Am. Compl. ¶ 81. Lazarenko filed a verified answer that responded:
Claimant admits the allegations that he is the Settlor and Protector of the Balford
Trust, maintained in account 41610 at Credit Suisse (Guernsey) and that the
beneficiaries of the trust are members of his family. Claimant denies the further
allegation the [sic] members of his family are “nominal beneficiaries.”
Answer ¶ 81. Lazarenko also asserted several affirmative defenses in his answer, including that
“the forfeiture of defendant property and currency should be barred by the Due Process Clause of
the Fifth Amendment to the U.S. Constitution.” Id. ¶ 160.
On May 1, 2015, Lazarenko moved under Rule 15(a) of the Federal Rules of Civil
Procedure for leave to file an amended answer that would make several changes: (1) changing
his response to paragraph 81 so that he “admits the further allegation the members of his family
are ‘nominal’ beneficiaries,” Proposed First Am. Answer ¶ 81; (2) appending to the existing due
process affirmative defense an explanation that “[t]he due process violations stem from the
involvement of the Ukrainian General Prosecutors Office in the collection of documents and
witness testimony that will be used in this matter,” id. ¶ 160; and (3) adding four new affirmative
defenses: excessive fine, judicial estoppel, undue delay, and collateral estoppel. Id. ¶¶ 161-64.
Lazarenko’s full proposed answer to paragraph 81 now would read:
Claimant admits the allegations that he is the Settlor and Protector of the Balford
Trust, maintained in account 41610 at Credit Suisse (Guernsey) and that the
beneficiaries of the trust are members of his family. Claimant admits the further
allegation the [sic] members of his family are “nominal” beneficiaries.
Proposed First Am. Answer ¶ 81. Notably, it would not respond to the government’s allegation
that Lazarenko “is the beneficial owner of the assets maintained in accounts 41610, 41950, and
41843 at Credit Suisse (Guernsey) Limited.” Am. Compl. ¶ 81. Lazarenko’s “excessive fine”

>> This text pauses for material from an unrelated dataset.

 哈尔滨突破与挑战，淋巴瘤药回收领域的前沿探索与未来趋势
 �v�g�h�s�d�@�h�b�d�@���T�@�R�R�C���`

affirmative defense is that the forfeiture “is prohibited by the Excessive Fines Clause of the
Eighth Amendment and 18 U.S.C. § 983(g),” id. ¶ 161; his “judicial estoppel” affirmative
defense is that the United States cannot deviate from its legal positions during his criminal
prosecution, id. ¶ 162; his “undue delay” affirmative defense is that the United States’ delay in
the “filing of the Amended Complaint and the subsequent delay in commencing discovery” bar
forfeiture, id. ¶ 163; and his “collateral estoppel” affirmative defense is that the United States
cannot now raise arguments it could have raised but chose not to raise during his criminal
prosecution. Id. ¶ 164.
On August 20, 2016, Lazarenko moved a second time to amend his answer to add
the additional affirmative defense of “[e]stoppel/[u]nclean [h]ands,” arguing that the United
States is bound to certain promises that it made to him during failed plea discussions in 2002.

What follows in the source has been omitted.